Serves Congress Right!



Everyone's heard about Roger Clemons, Steroids, and Congress.

The judge presiding over Clemon's perjury trial declared a mistrial on Day 2. The prosecution ignored the judge's order, and presented evidence to the jury that had been ruled inadmissable. This was either gross incompletence on the prosecutor's part, or they did it on purpose to end this sham of a trial. I don't know which ... we'll see when the government decides whether to retry the Rocket.

I don't know if Clemons did steroids or not. Probably so, given what we've heard. I don't care. It's up to MLB to deal with this, if they care to. It's up to the appropriate law enforcement agencies to file charges against Clemons if he is accused of anything specifically illegal involving steroids.

My question is why the hell was Congress involved?

The answer is the Spanish Inquisition mentality that Rep. Henry Waxman (D-CA) took with his precious committee chairmanship, given to him by Nancy Pelosi after Dems took control of Congress in 2006. Waxman went through a laundry list of people and organizations he wanted to attack, and he used his position and committee to do it with.

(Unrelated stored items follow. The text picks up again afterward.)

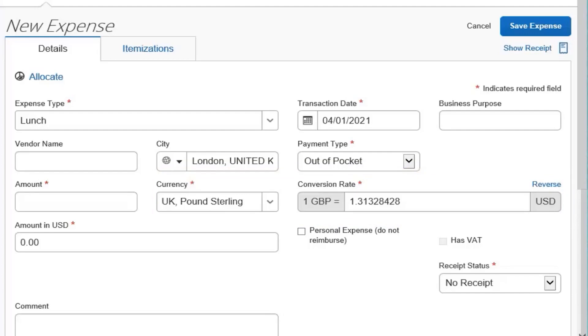The exchange rate comes from Wanda Corporation, a foreign exchange company. However, you can change or modify it if your company would like to use a different exchange rate.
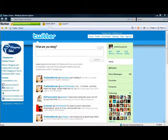Hi, it's Suzanne Franco with SuzanneFranco.com. Today we're going to do a quick video on how to add Twitter to your Facebook. What we're going to be doing is set this up so that every time you tweet on Twitter, it's going to show up and change your status on your Facebook page.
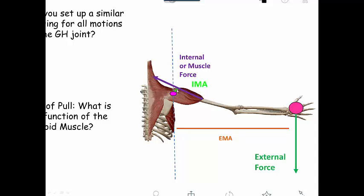The internal moment arm is the perpendicular distance from the internal force to the center of rotation. So you have an internal torque counterbalancing the external torque. Do this for flexion and extension, medial and lateral rotation, and even horizontal AB and ADduction.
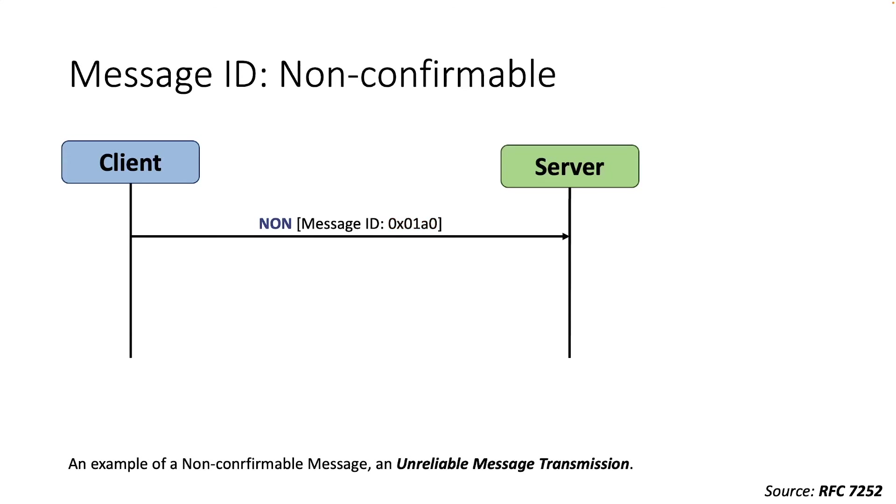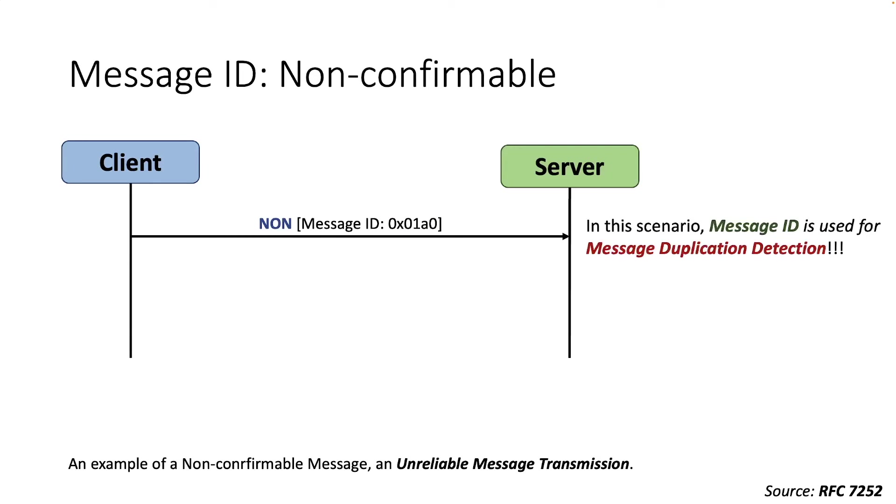A message that doesn't require a reliable transmission is marked as non-confirmable. Such messages are not acknowledged, but still a message ID is included for duplicated detection.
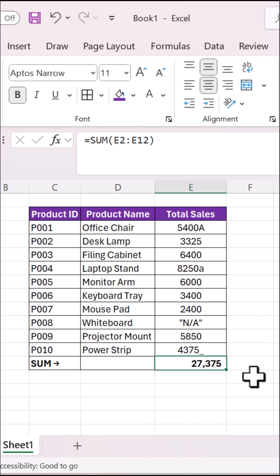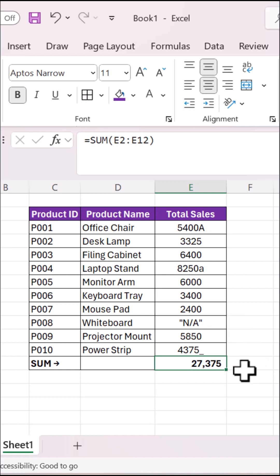Your sum formula is giving you the wrong answer, and you can't figure out why. This looks fine, but notice how the total is lower than expected.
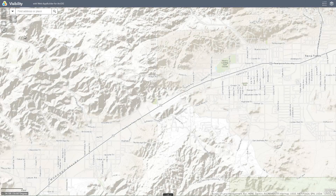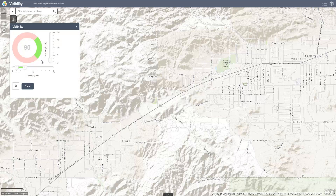To get started, click on the visibility widget. We'll first perform a radial line of sight analysis to determine the visibility from a specific hilltop overlooking the valley, which covers our target area.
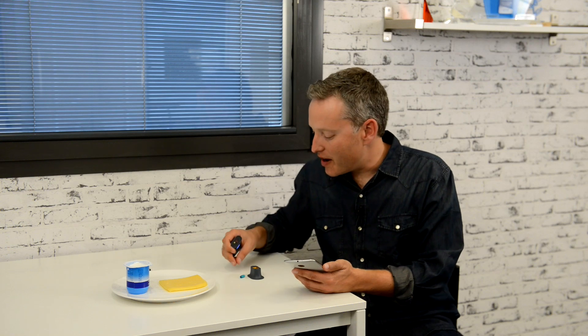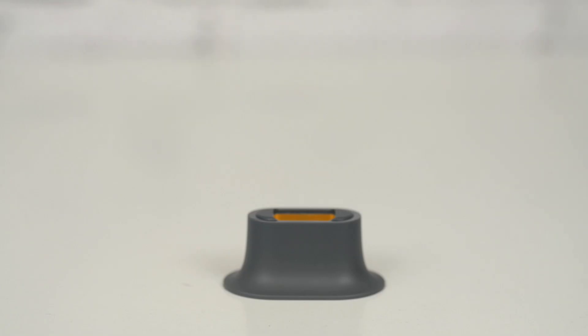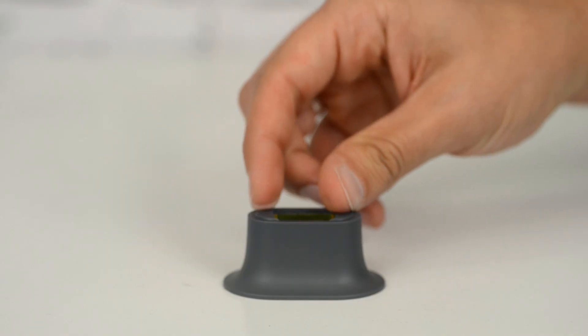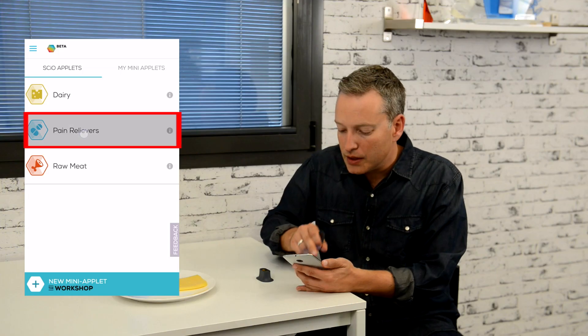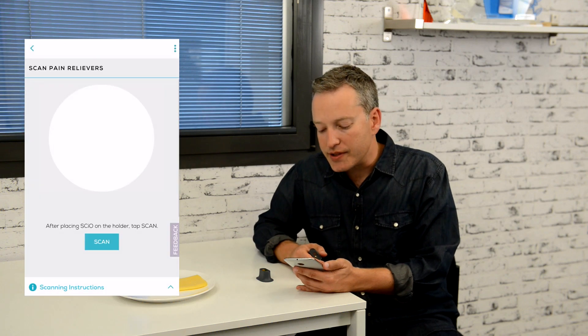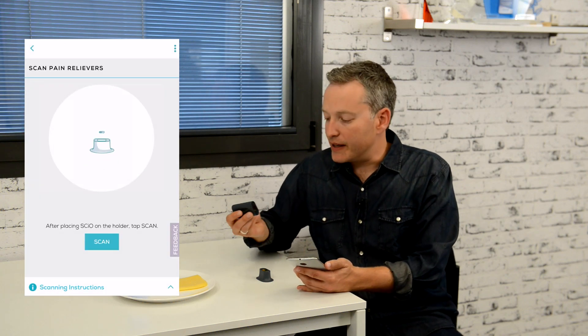Now let's use the pain relievers applet to identify the active ingredient of this over-the-counter pill. Since pills are typically smaller than the diameter of the illumination area, I'm using the small object holder. This ensures that the table isn't scanned together with the pill, and the mirrors on the sides maximize the amount of light returned from the tiny pill. I'm placing the pill inside the holder, tapping the pain relievers applet, and scanning.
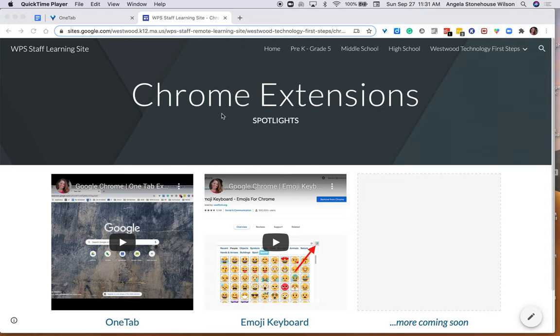First thing is to open up Chrome and take a look at all the extensions you have loaded and currently running and active anytime you are on a tab. Once you have located all of your extensions, you want to do an assessment.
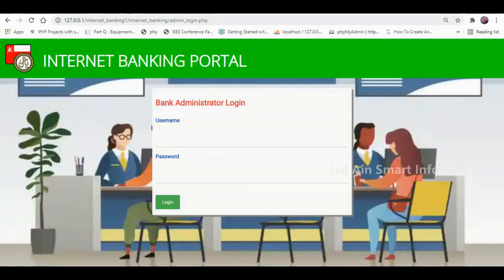Hi viewers, this is our Internet Banking Portal application. This application is developed by Thirdine Smart Infotech using the technology of PHP and MySQL database. This application is used to manage banking through the internet.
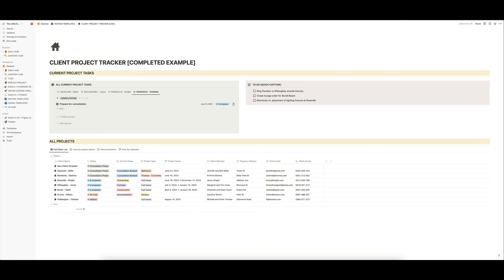Otherwise, I hope you find this a really helpful and time-saving and life-saving template. And yeah, have a look through my other templates in the shop. Otherwise, I will chat to you soon. Bye for now.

His tactic was to drag people in to testify on a given subject, and then try to trap the poor suckers into saying something wrong. First thing you know, the 'criminal' is being hauled up on perjury charges for lying to Congress. Didn't matter if the subject was actually accused of committing a crime, Waxman worked them around into a position where he could charge them.

All Waxman did was cause a lot of people trouble, and waste a lot of Congress' time and taxpayer's money carrying out his personal vendettas. It was a gross abuse of power, and a textbook example of official oppression. He ought to be hauled in front of a judge and jury, and found guilty of stealing from the American public.

How many millions of our dollars have been wasted on this? Three years of investigations, 100 law enforcement officers involved, ruining a man's finances and reputation ... and for what? So the Waxman Inquisition can hang a skin on his wall?